# STA303/1002 – Abalone data – Ships data

Abalone data for Q1

In this problem, we are going to analyze a data sets with 4177 subjects data with 8 variables, and will try to predict whether or not the ring of abalone is greater 9 or not. The complete data set description can be found

Below are the list of all variables in the data  set are :

• Sex: nominal variable – takes levels of M, F, and I (infant).

• Length: continuous variable (mm) – Longest shell measurement

• Diameter: continuous variable (mm) – perpendicular to length

• Height: continuous variable (mm) – with meat in shell

• Whole weight: continuous variable (grams) – whole abalone

• Shucked weight: continuous variable (grams) – weight of meat

• Viscera weight: continuous variable (grams) – gut weight (after bleeding)

• Shell weight: continuous variable (grams) – after being dried

• Rings: integer

We are interested in predicting the rings variable is greater than 9 or not.

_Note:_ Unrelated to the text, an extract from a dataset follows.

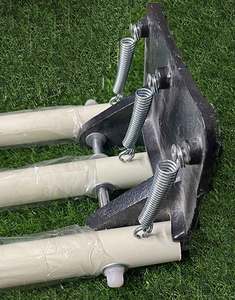 Ensemble de souches de ressort en bois de cible de Base en métal robuste équipement d'entraînement de pratique de cricket en gros - Product Image 3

So you need to creat the binary

response based on it,

Ships data for Q2

We are interested in the number of accidents per month for a sample of ships (a classic example given by McCullagh & Nelder, 1989). The data can be found in the file “ships.csv” and it contains 40 subjects data with 14 variables. The response variable is called ACC. The explicative variables are:

• TYPE: there are 5 ships, labelled as 1-2-3-4-5. Type is a categorical variable, and 5 dummy TA, TB,TC, TD, TE.
•  CONSTRUCTION YEAR: the ships are constructed in one of four periods, leading to the dummy variables T6064, T6569, T7074, T7579.
• MONTHS: a measure for the amount of service months that the ship has already carried out.